Trunks of young trees should never be hit with weedwackers. String- trimmers ruin the tender bark of many young lawn trees, and then stunt their subsequent growth. Keep a clean area a minimum of 3’wide under any new lawn tree.
Even though a lawn has shallow roots and there is little point in watering lawns much deeper than a foot, trees will develop deep roots. To make sure your new tree grows those deep, drought resistant roots, give it a really good soaking once a month from spring until fall. Just put a garden hose near the base of the tree, turn it on low, and let it soak for a long time.
Watch mulch around the trunks of young trees! Mulching trees is a good idea but keep the mulch a few inches away from the actual trunk of the young tree. In the wintertime, especially where there is snow cover, it is a darn good idea to put a wrap of ¼ inch mesh chicken wire around the trunk, to keep mice and rabbits from eating the tender young bark. Many a new tree is killed because of wintertime damage to the trunk from rodents.
If you live in an area where the winter temperatures get below zero F, it is a good idea to paint the trunks of new lawn trees white. The white paint will reflect the winter sun, and will keep the sap from warming up and starting to flow in the middle of winter. Painted trees are much less likely to get “winter sun scald,” which is what they call it when the bark cracks and splits open, usually on the south side of the trunk. Use indoor grade white latex paint for this, and it is perfectly okay too, to paint some of the larger branches. This painting can be repeated each fall with good effect until the tree is about 7-8 years old. As the trees mature their bark will thicken and toughen up, and will naturally be more resistant to freezing and the winter sun.
Make sure to fertilize the new trees twice each season. Use a fertilizer high in N, nitrogen, in the springtime, and a fertilizer low in nitrogen and high in potassium in the fall. Lawn grass that grows under trees may well need a bit of extra fertilizer through the growing season, as the tree roots will absorb much of the lawn fertilizer as well.
There are devices with long, hollow spikes on them that screw on the end of a hose. You put the fertilizer for the tree in these contraptions, shove the spike down deep into the tree’s root zone, and turn on the hose.
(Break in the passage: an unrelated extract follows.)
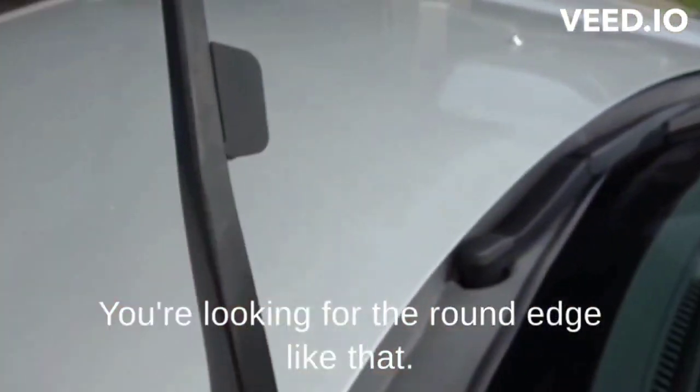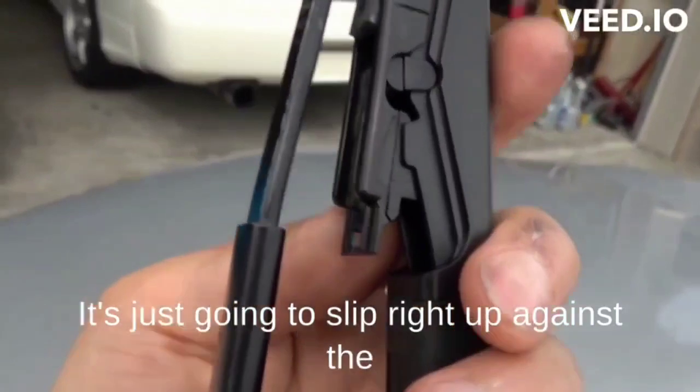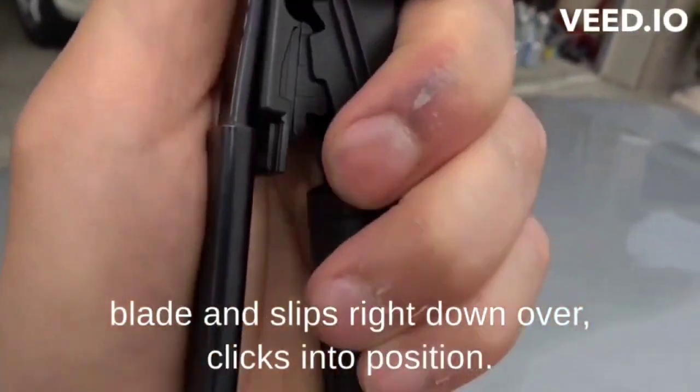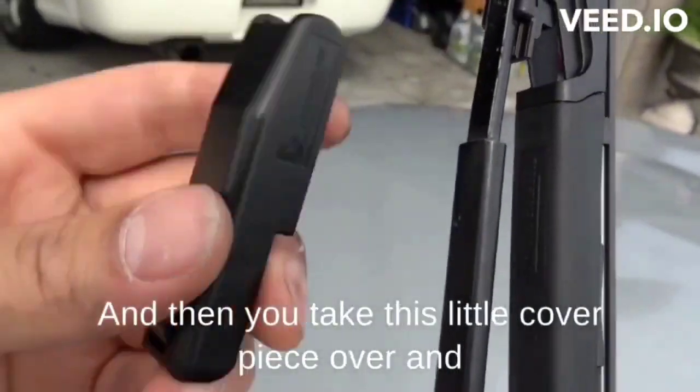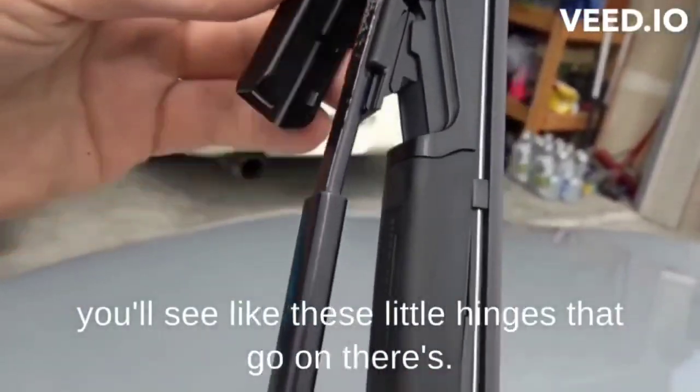Installation is the same process. You're looking for the round edge like that. It's just going to slip right up against the blade, and it slips right down over, clicks into position, and then you take this little cover piece over, and you'll see these little hinges that go on there.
This is a good way to fertilize lawn trees.
Existing trees and planting new lawns
Many a nice lawn tree has been killed when the owner decides to plant a new lawn, and hauls in extra topsoil to spread. If you cover the roots of a tree with several inches of additional soil, you may easily smother the tree roots, killing the tree. If the soil around an existing tree needs to be raised, then you need to build a “tree well,” an area around the tree, at least four feet wide, where the original soil level is maintained. This is especially important with oak trees, which will quickly die if the soil level is raised right up to the trunk.
Manure and lawn trees
Never put manure right up to the trunk of a lawn tree. Fresh manure in particular is especially toxic to young trees. I have seen some pretty nice, large trees killed when their owners mulched them with a thick layer of supposedly “well-cured” horse manure. Even with compost, don’t place it right next to the trunk of the tree!